Premorbid glycemia status can modify the correlation between admission glucose and patient prognosis [31, 32], so it seems necessary to conduct a subgroup analysis based on background hyperglycemia. In our study, although no significant interaction was observed between SHR and background hyperglycemia (P=0.28), we found that the first and third SHR tertiles were associated with delirium, yet only in patients with HbA1c <6.5% (Table 3). This may be explained by the findings that patients with premorbid hyperglycemia tolerated high-range fluctuations in glucose levels better than those without premorbid hyperglycemia [47,48,49]. In addition, chronic premorbid hyperglycemia can result in cellular conditioning that might exert a protective effect against the adverse consequences of stress hyperglycemia [6, 50]. For example, acute stress may induce the expression of glucose transporters (GLUTs) in cell membranes, causing uncontrolled entry of glucose into cells and resulting in glucose toxicity [6]. However, chronic exposure to hyperglycemia preferentially downregulates GLUT-1 and GLUT-3, which may protect against glucose influx during acute stress [6, 50]. Moreover, cellular adaptation to chronic hyperglycemia might be protective by reducing the production of superoxide [51]. Nevertheless, we found that the median SHR level in patients with HbA1c ≥6.5% and < 6.5% were almost the same and also the incidence rates of delirium in the tertiles (Table A2).
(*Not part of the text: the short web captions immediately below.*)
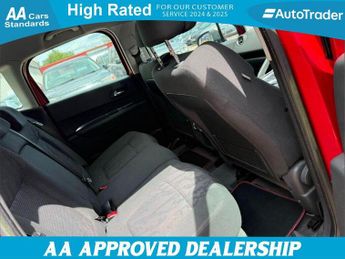 Peugeot 3008 1.6 e-HDi Active EGC Euro 5 (s/s) 5dr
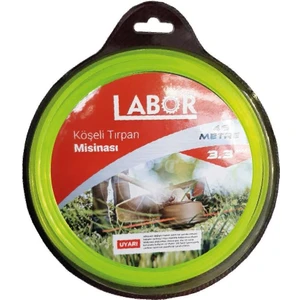 Köşeli Tırpan  Misinası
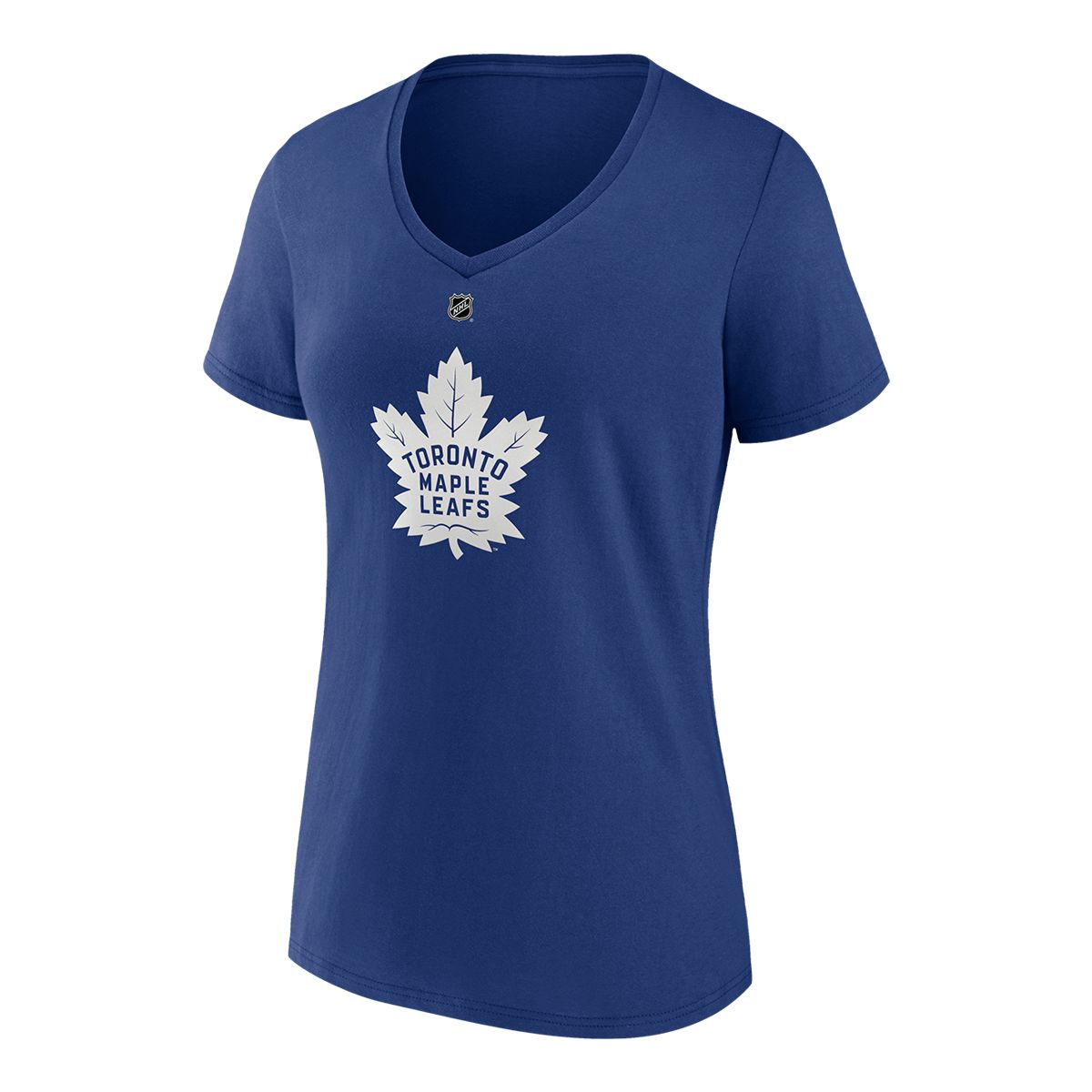 Toronto Maple Leafs Fanatics Women's Nylander Player T Shirt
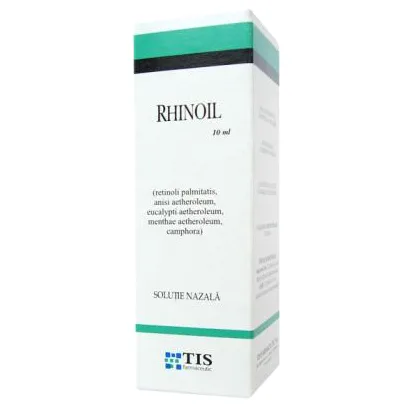RHINOIL X 1 TIS FARMACEUTIC — preț și oferte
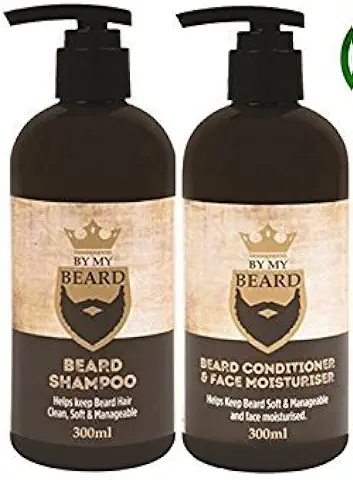 Les meilleurs shampooings et après-shampooings pour une barbe éclatante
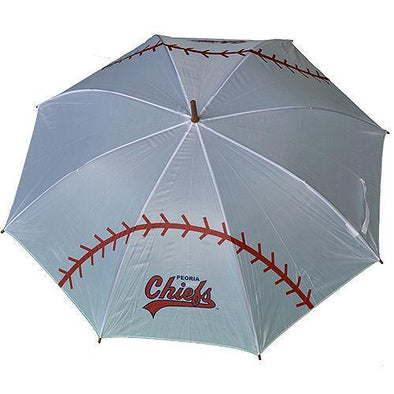 Peoria Chiefs Baseball Umbrella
The lack of relationship between SHR and delirium in those with HbA1c ≥6.5% may be an artifact of the small sample size since only 19 patients experienced delirium in this subgroup, which may limit the statistical power and raise the chance of false negatives [52]. Future studies with a larger sample size are required to validate our results.

The strengths of this study include that we used a simple, easily accessible indicator and identified its potential clinical usefulness in predicting delirium, especially in those with HbA1c <6.5%. Since glucose and HbA1c tests are widely available, SHR can easily be calculated in a busy clinical setting without needing complicated formulas and additional costs. However, this study has some limitations. First, it was a single-center observational study, and therefore, conclusions about causality cannot be drawn. Second, potential selection bias may be introduced, as patients without HbA1c values were excluded. Third, the severity or stage of patients’ acute illness and some therapeutic interventions (such as corticosteroids, parental and enteral nutrition) that may influence the development of hyperglycemia [6] were not collected, which may potentially bias the relationship between SHR and delirium. Fourth, SHR was not dynamically measured, and the impact of SHR variability on delirium remains undefined. Finally, we did not collect sufficient data on treatment options because treatment varied widely from patient to patient due to different comorbidities. As many variables associated with delirium were not available in this study, residual confounding cannot be excluded. Hence, SHR may be a surrogate for other factors not studied. Future larger prospective multicenter studies are warranted to confirm our findings.

Conclusions

Both lower and higher SHR were associated with an increased risk of delirium in older hospitalized patients. SHR may serve as a promising marker to identify patients with a higher risk of delirium. Incorporating measures of SHR might have the potential clinical utility to aid delirium risk stratification. Further preclinical and clinical studies are needed to verify our results and to elucidate the mechanisms underlying SHR and delirium.